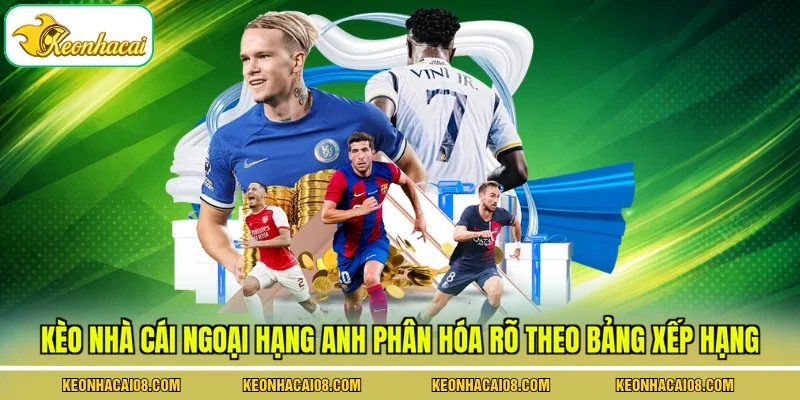 Kèo Nhà Cái Ngoại Hạng Anh - 5 Đặc Điểm Phân Tích Nổi Bật 3 Kèo nhà cái ngoại hạng Anh phân hóa rõ theo bảng xếp hạng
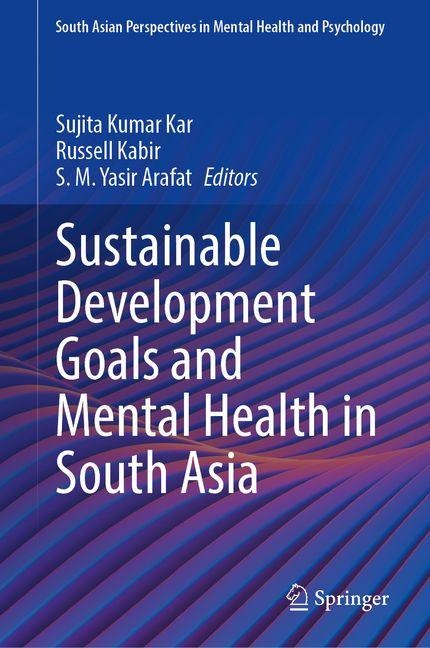Sustainable Development Goals and Mental Health in South Asia - 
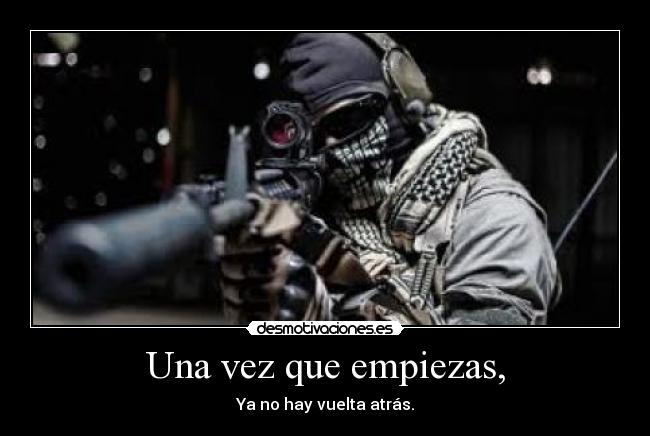 Una vez que empiezas, -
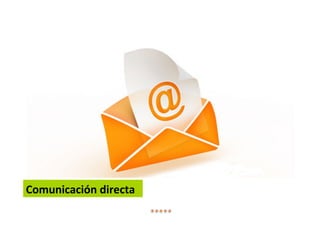 Comunicación directa
 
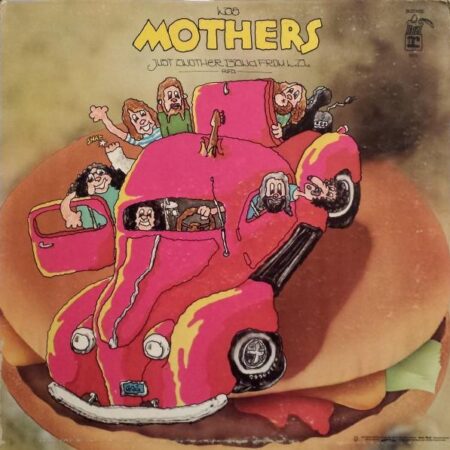 Frank Zappa & The Mothers Just another band frm L A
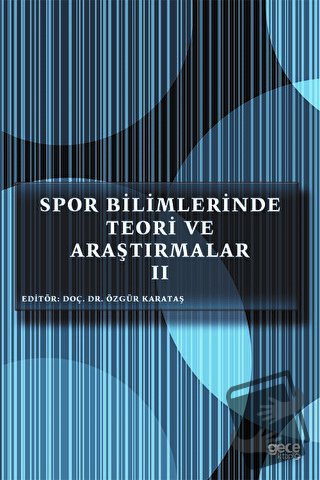 Spor Bilimlerinde Teori ve Araştırmalar 2 - Özgür Karataş - Gece Kitap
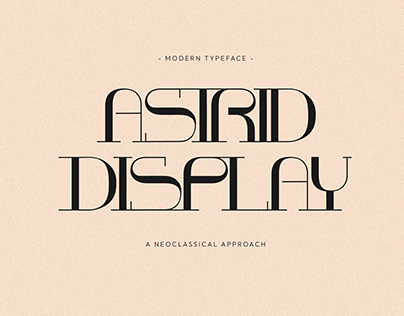 Astrid Display Typeface - A Neoclassical Approach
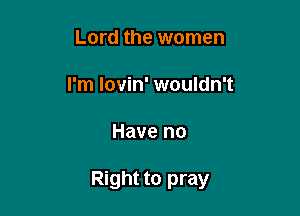Lord the women
I'm lovin' wouldn't

Have no

Right to pray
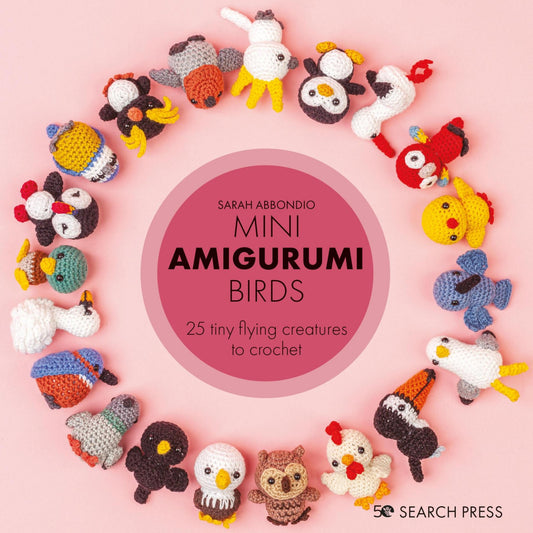 Mini Amigurumi Birds - 25 Tiny Flying Creatures To Crochet (Abbondio, Sarah)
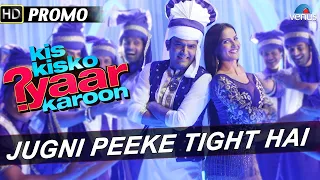 Jugni Peeke Tight Hai - Kis Kisko Pyaar Karoon | Kanika Kapoor, Divya K & Sukriti K | Amjad Nadeem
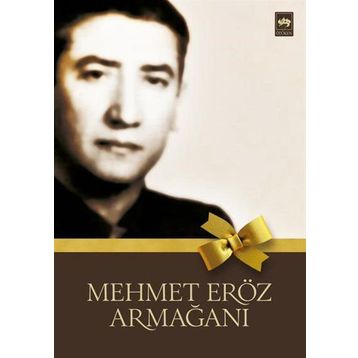 MEHMET ERÖZ ARMAĞANI - KOLEKTIF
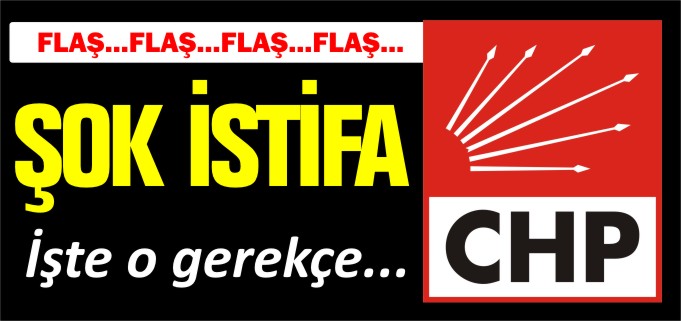 CHP’DE ŞOK İSTİFA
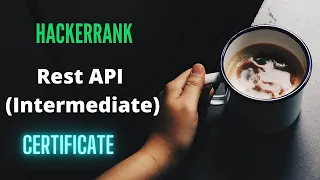 Rest API Intermediate Solution Hackerrank Certificate Free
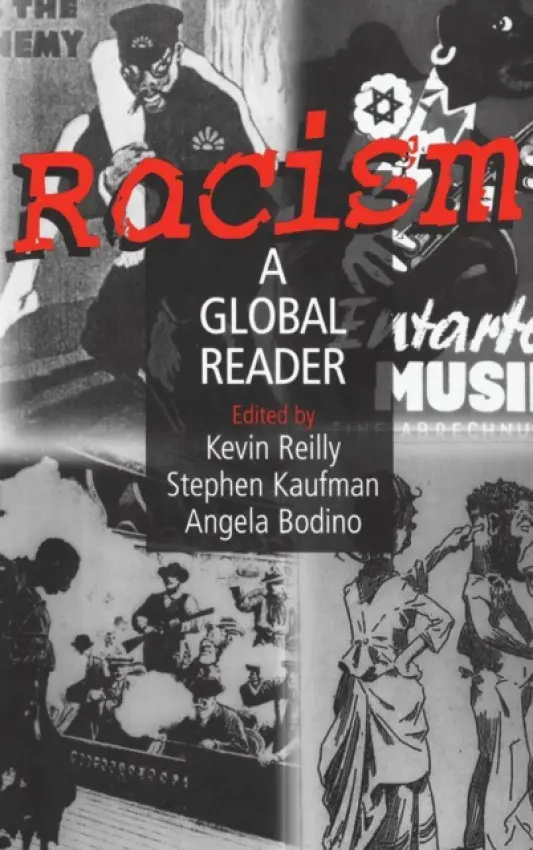 Racism: A Global Reader - Reilly, Thomas a Kaufman, Stephen a Bodino, Angela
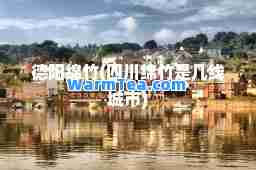 德阳绵竹(四川绵竹是几线城市)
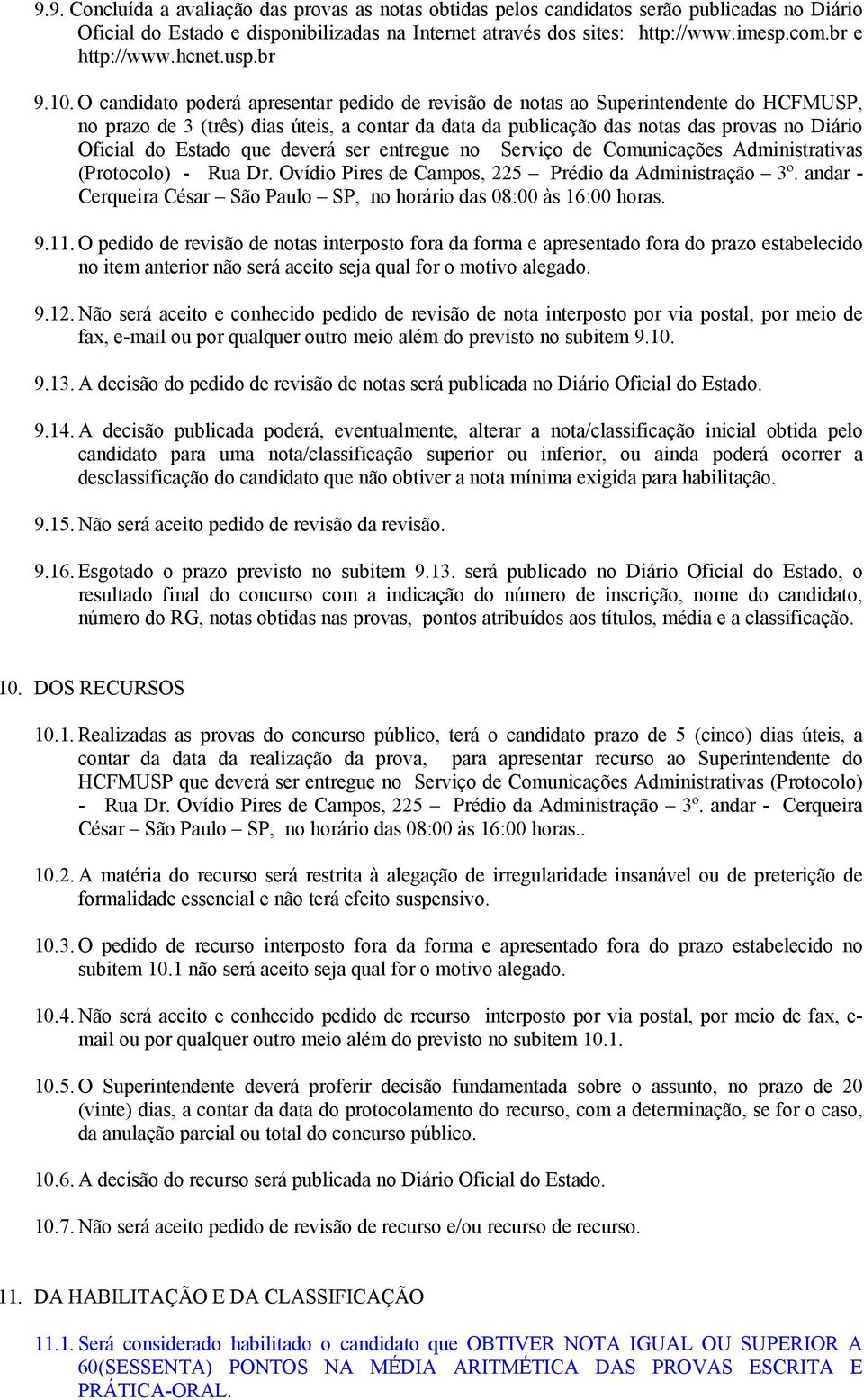 O candidato poderá apresentar pedido de revisão de notas ao Superintendente do HCFMUSP, no prazo de 3 (três) dias úteis, a contar da data da publicação das notas das provas no Diário Oficial do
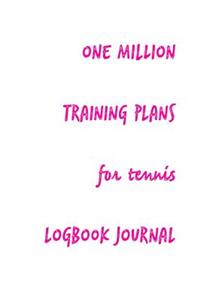 One Million Training Plans for Tennis Logbook Journal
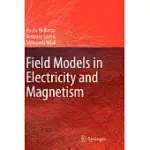 FIELD MODELS IN ELECTRICITY AND MAGNETISM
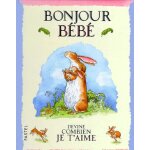 Bonjour b�b� - devine combien je t'aime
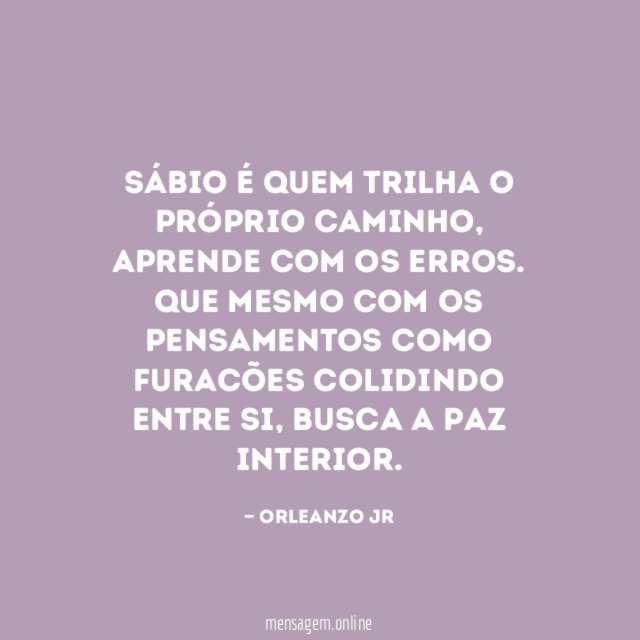 Sábio é quem trilha o próprio caminho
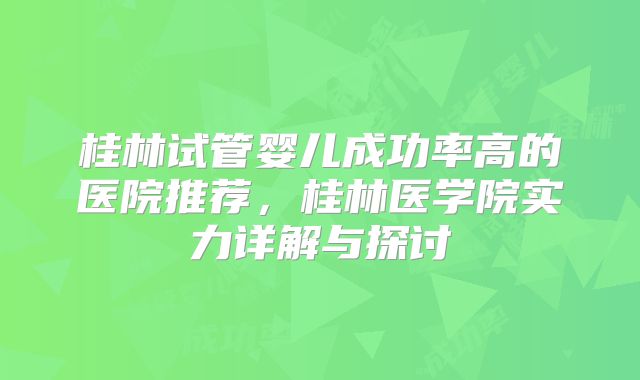 桂林试管婴儿成功率高的医院推荐，桂林医学院实力详解与探讨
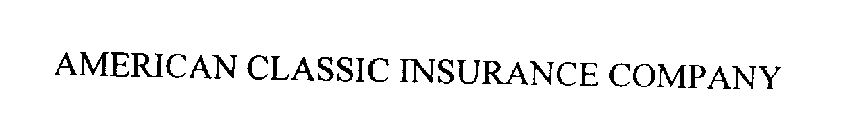 AMERICAN CLASSIC INSURANCE COMPANY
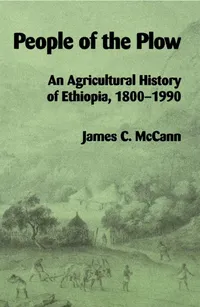 Buy People of the Plow: Agricultural History of Ethiopia 1800-1900 by James C. McCann | University of Wisconsin Press | English | Paperback — BookShops.in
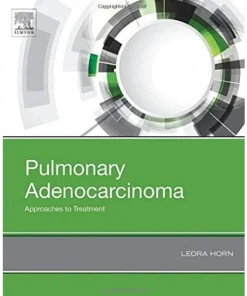 Pulmonary Adenocarcinoma Approaches to Treatment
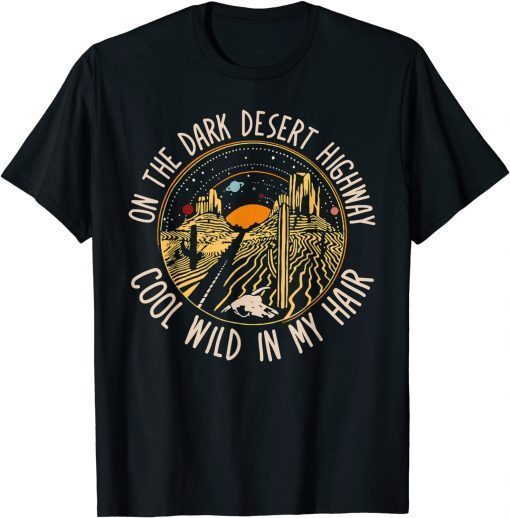 Official On A Dark Desert Highway Cool Wind In My Hair Vintage T-Shirt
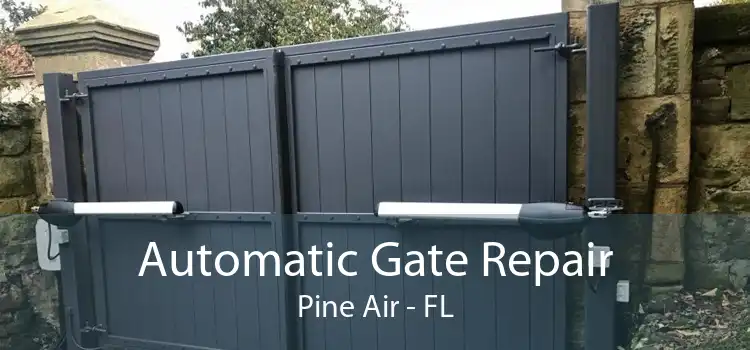 Automatic Gate Repair Pine Air - FL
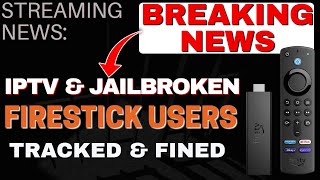 BREAKING NEWS  IPTV and JAILBROKEN FIRESTICK users TRACKED [upl. by Petronille]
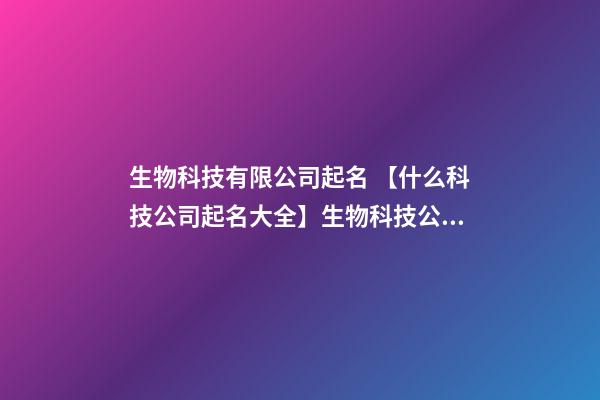 生物科技有限公司起名 【什么科技公司起名大全】生物科技公司起名大全-第1張-公司起名-玄機派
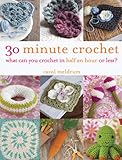 30 Minute Crochet: What Can You Crochet in Half an Hour or Less? by Carol Meldrum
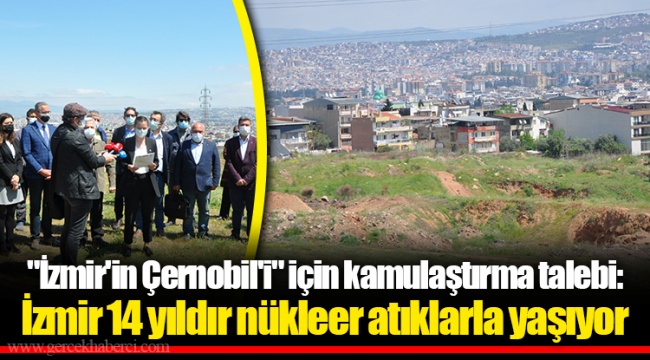 "İzmir'in Çernobil'i" için kamulaştırma talebi: İzmir 14 yıldır nükleer atıklarla yaşıyor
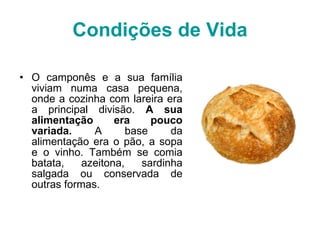 Condições de Vida O camponês e a sua família viviam numa casa pequena, onde a cozinha com lareira era a principal divisão.  A sua alimentação era pouco variada.  A base da alimentação era o pão, a sopa e o vinho. Também se comia batata, azeitona, sardinha salgada ou conservada de outras formas. 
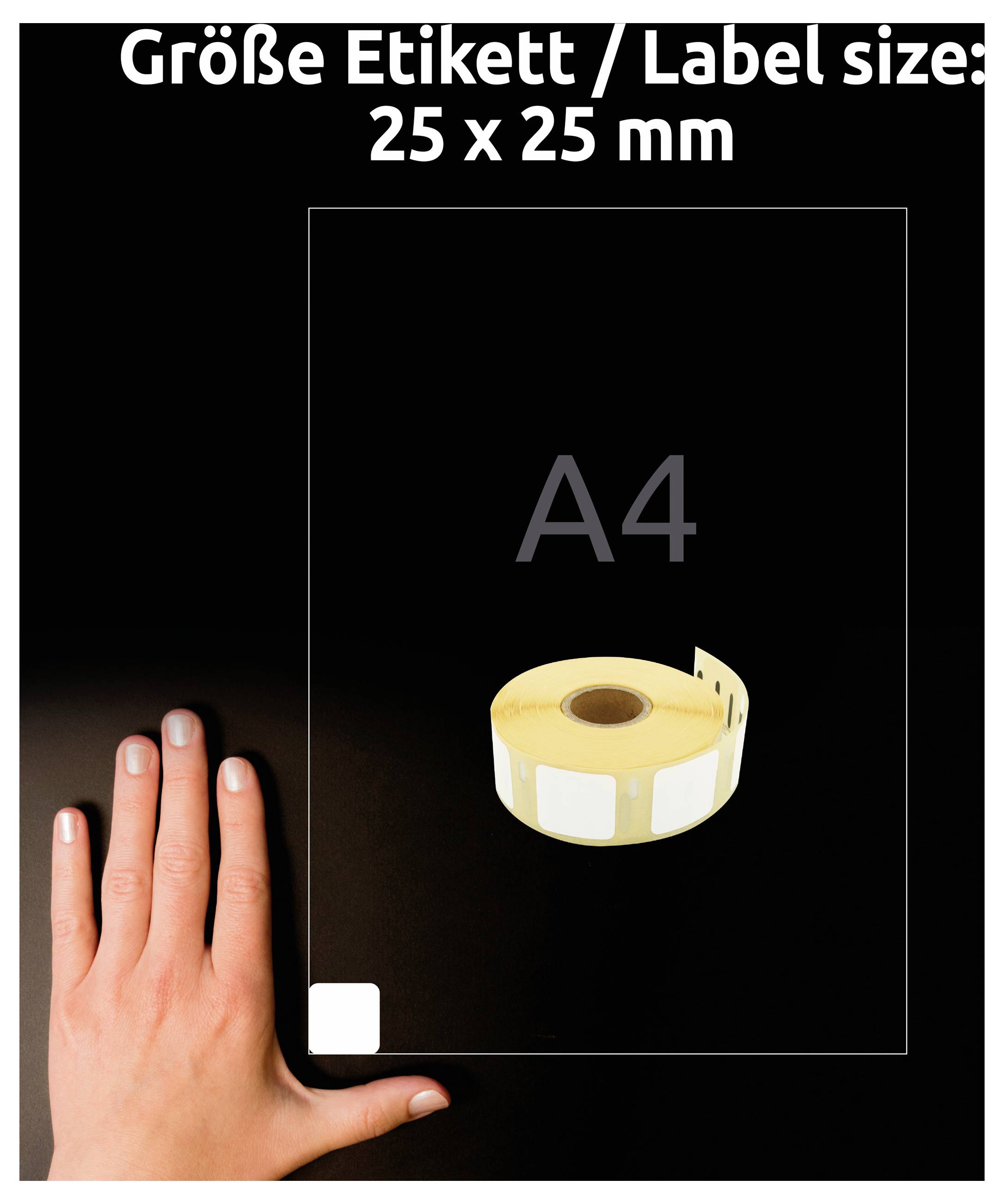 Vergleich der Etikettgröße: A4 mit aufgeklebtem Rollenetikett, Beschriftung 'Größe Etikett / Label size: 25 x 25 mm'; Hand als Maßstab am Rand.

EXERCISE.
Transcribe only these lines, exactly: the first line of the listing, every line after it, and the line with "Right to pray", where the copy ends. Include no picture.

RESPONSE TO THE EXERCISE.
 Kèo Nhà Cái Ngoại Hạng Anh - 5 Đặc Điểm Phân Tích Nổi Bật 3 Kèo nhà cái ngoại hạng Anh phân hóa rõ theo bảng xếp hạng
Sustainable Development Goals and Mental Health in South Asia - 
 Una vez que empiezas, -
 Comunicación directa
 
 Frank Zappa & The Mothers Just another band frm L A
 Spor Bilimlerinde Teori ve Araştırmalar 2 - Özgür Karataş - Gece Kitap
 Astrid Display Typeface - A Neoclassical Approach
Lord the women
I'm lovin' wouldn't

Have no

Right to pray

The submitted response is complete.